I have seen in a number of clusters that the DeleteExpiredMetrics job is causing OutOfMemoryErrors. I first observed this in larger clusters with more than 10k pods, but then I also saw it in more moderate sized clusters with around 3k pods. There does not appear to be a memory leak. The queries that the job executes for fetching metric definitions bring too much data at once which leads to a lot of GC pressure, huge cpu spikes, and eventually an OOME.
The solution I am proposing for this ticket is to altogether remove the job.
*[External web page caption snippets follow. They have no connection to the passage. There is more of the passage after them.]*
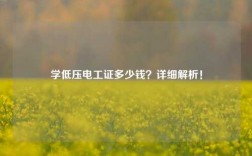 學(xué)低壓電工證多少錢？詳細解析！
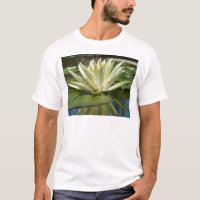 Nénuphar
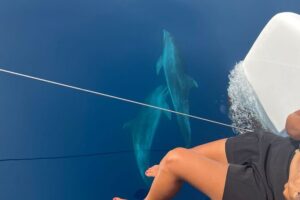 Catamaran Half Day - Beautiful day on the Atlantic Ocean - Swim and Snorkel Gear Off the Atlantic: Expectations That Won’t Let You Down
This job was introduced in
HWKMETRICS-613. We do not have APIs for deleting metrics which is fine for the data table because everything that goes into the data table has a TTL. Rows inserted into index tables however, do not have TTLs. This has led to problems in OpenShift with really big partitions.
DeleteExpiredMetrics most important object was to prevent unbounded growth of our index tables. Even aside from the OOMEs, the job has never accomplished its primary object because there is a bug in some of the date arithmetic for calculating the timestamp when inserting rows into the metrics_expiration_idx table. Rows are inserted with timestamps that 1,655 years into the future. This is how long it will be before the job considers a metric eligible for deletion.
I would rather do away with the job and implement a solution that utilizes kubernetes watch APIs. That will be done later in a separate ticket.